ISR (Inkai). Dilute sulfuric acid injected underground → dissolves uranium → pregnant solution pumped to surface → ion exchange extraction. Low CapEx, but 0.03% grade means massive volumes. Now subject to Kazakhstan progressive MET (up to 18%) and KAP exclusive exploration rights (Dec 2025 subsoil code changes).
Replacement cost: Irreplaceable. NexGen Rook I (closest comp): C$2.2B CapEx, 14-15 years from discovery to production (still not producing). Grade 2.37% — exceptional for a new deposit but one-seventh of Cigar Lake's.
Fuel Services (16% of revenue, CAD $562M)
Port Hope, Ontario — one of only three Western UF6 conversion facilities on Earth. Transforms U3O8 into gaseous UF6 via a four-step fluorine chemistry chain:
Step 1: U3O8 + 8HNO3 → 3UO2(NO3)2 + 2NO2 + 4H2O [Blind River]
Solvent extraction with TBP/kerosene → >99.95% purity
Calcination: UO2(NO3)2 → UO3 + 2NO2 + O2 (400°C)
Step 2: UO3 + H2 → UO2 + H2O [Port Hope]
Reduction at 600°C
Step 3: UO2 + 4HF → UF4 + 2H2O [Port Hope]

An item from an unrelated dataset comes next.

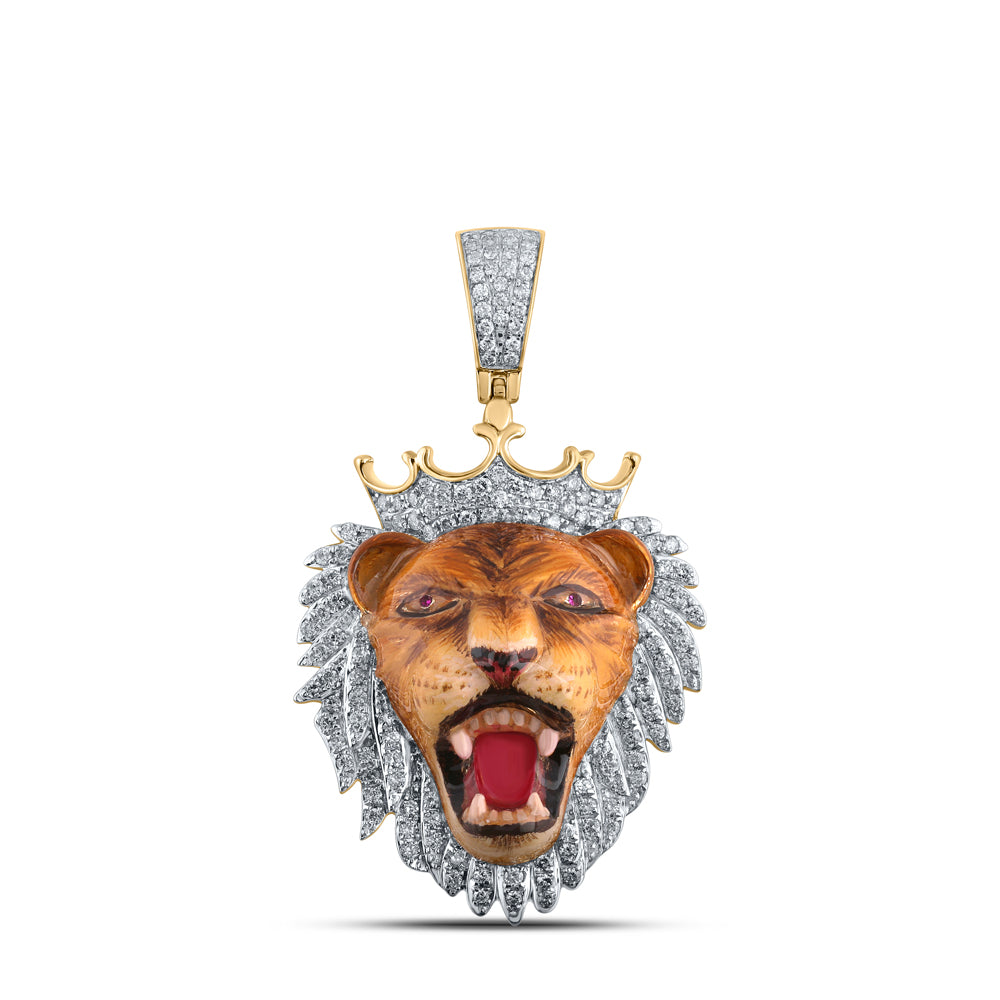 10Kt Yellow Gold 1 7/8Ctw-Dia Lion Face Mens Charm (15.16 grams)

Hydrofluorination at 450-550°C
Step 4: UF4 + F2 → UF6 [Port Hope]
Fluorination at 350-400°C
F2 = most reactive element — attacks glass, metals, water
Generated on-site by electrolysis (cannot be transported)
UF6 is the only practical enrichment feedstock because: (a) it sublimes at 56.5C, (b) fluorine has only one stable isotope (F-19) so the mass difference between U-235F6 (349 AMU) and U-238F6 (352 AMU) is entirely from uranium, (c) no other gaseous uranium compound exists at practical temperatures. A UF6 cylinder breach in humid air produces UO2F2 + HF — radioactive, toxic, and corrosive simultaneously.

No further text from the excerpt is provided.